#### What you will do:
Without including any images, repeat the data exactly.

Pictures with short captions
*****

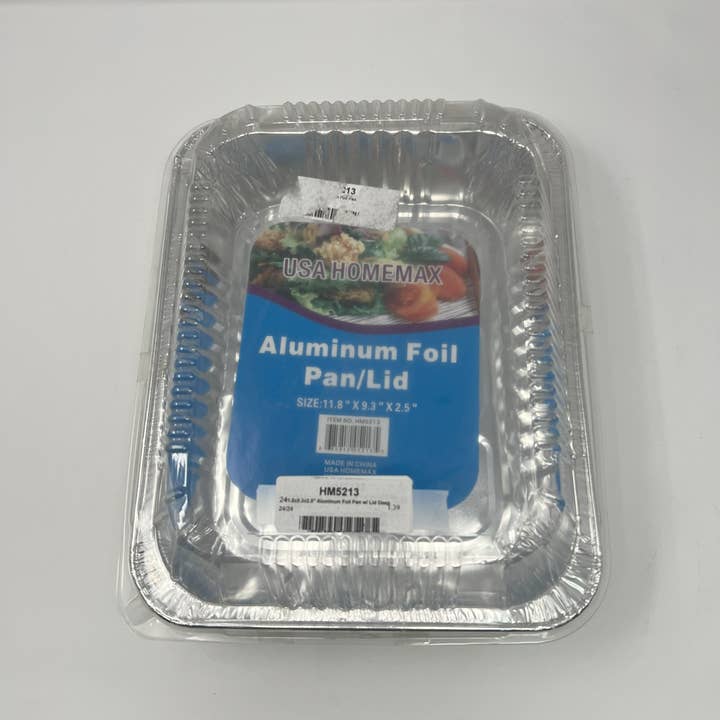 USA HomeMax - Wholesale Baking Dish - Aluminum Foil Pan w/ Lid for Baking Prepping & Storing Food3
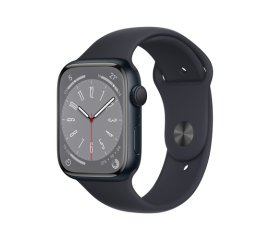 Apple Watch Series 8 GPS 41mm Cassa in Alluminio color Mezzanotte con Cinturino Sport Band Mezzanotte - Regular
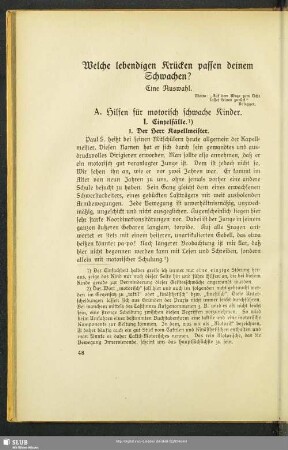 Welche lebendigen Krücken passen deinem Schwachen? : Eine Auswahl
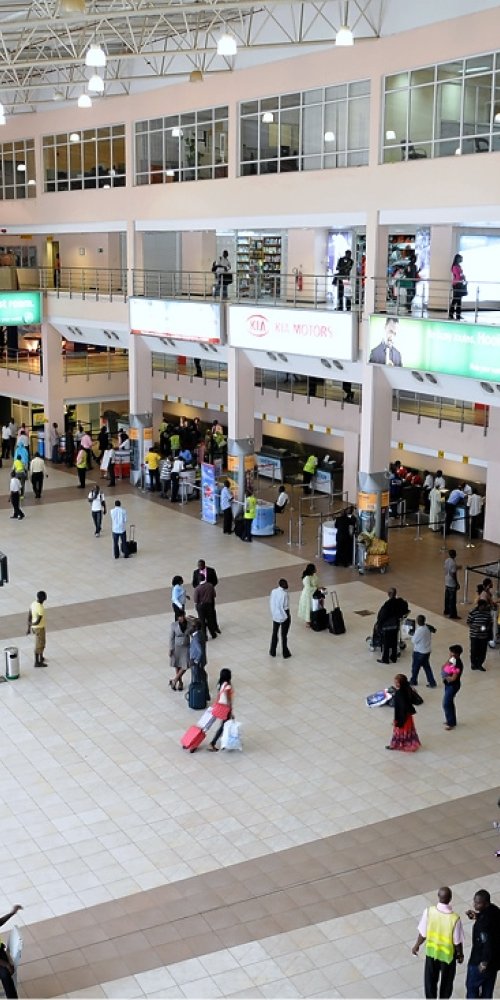 Crowding forecast visuals at Murtala Muhammed Airport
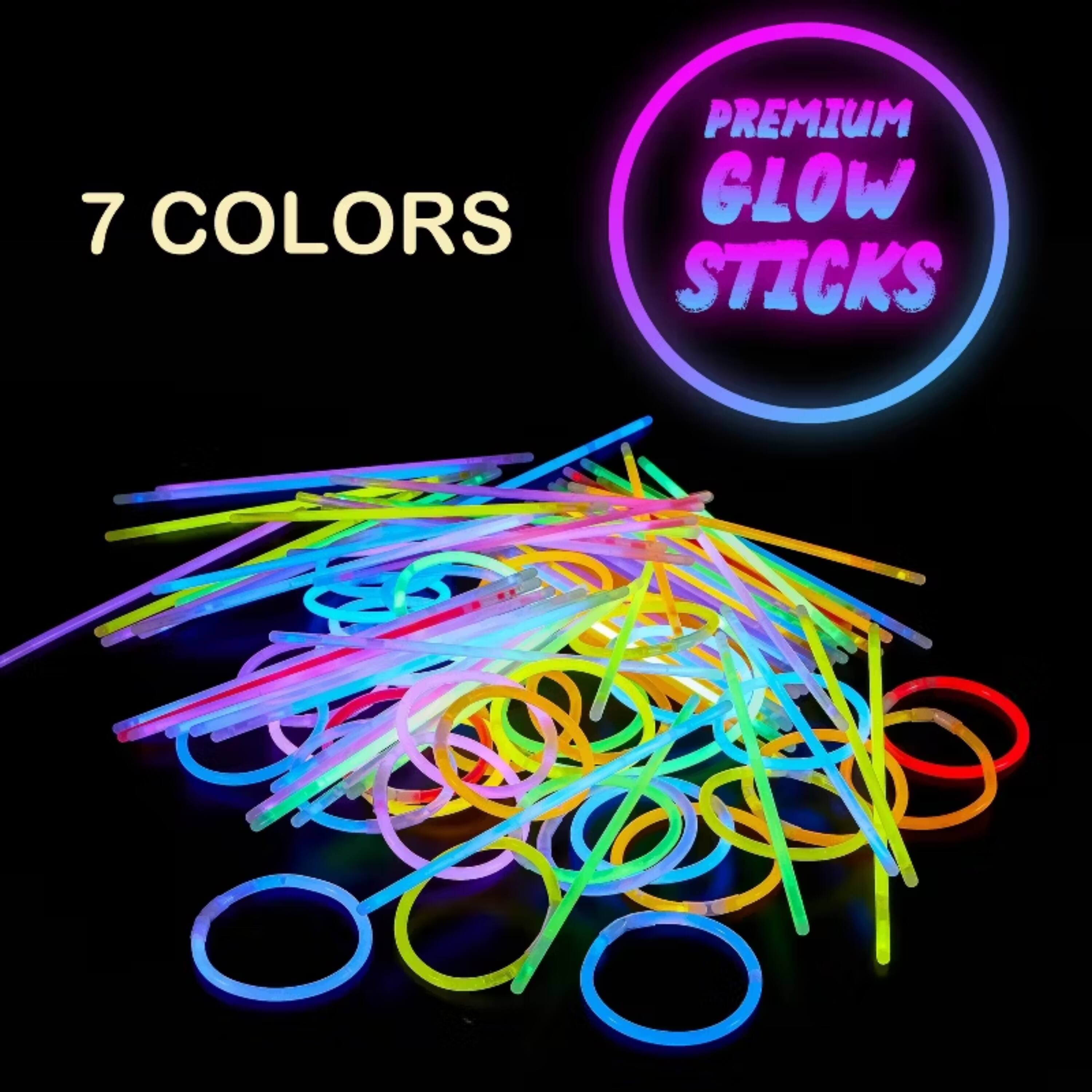 7 COLORS

PREMIUM GLOW STICKS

*****

#### Completed exercise:
 USA HomeMax - Wholesale Baking Dish - Aluminum Foil Pan w/ Lid for Baking Prepping & Storing Food3
 Apple Watch Series 8 GPS 41mm Cassa in Alluminio color Mezzanotte con Cinturino Sport Band Mezzanotte - Regular
 Welche lebendigen Krücken passen deinem Schwachen? : Eine Auswahl
 Crowding forecast visuals at Murtala Muhammed Airport
 7 COLORS

PREMIUM GLOW STICKS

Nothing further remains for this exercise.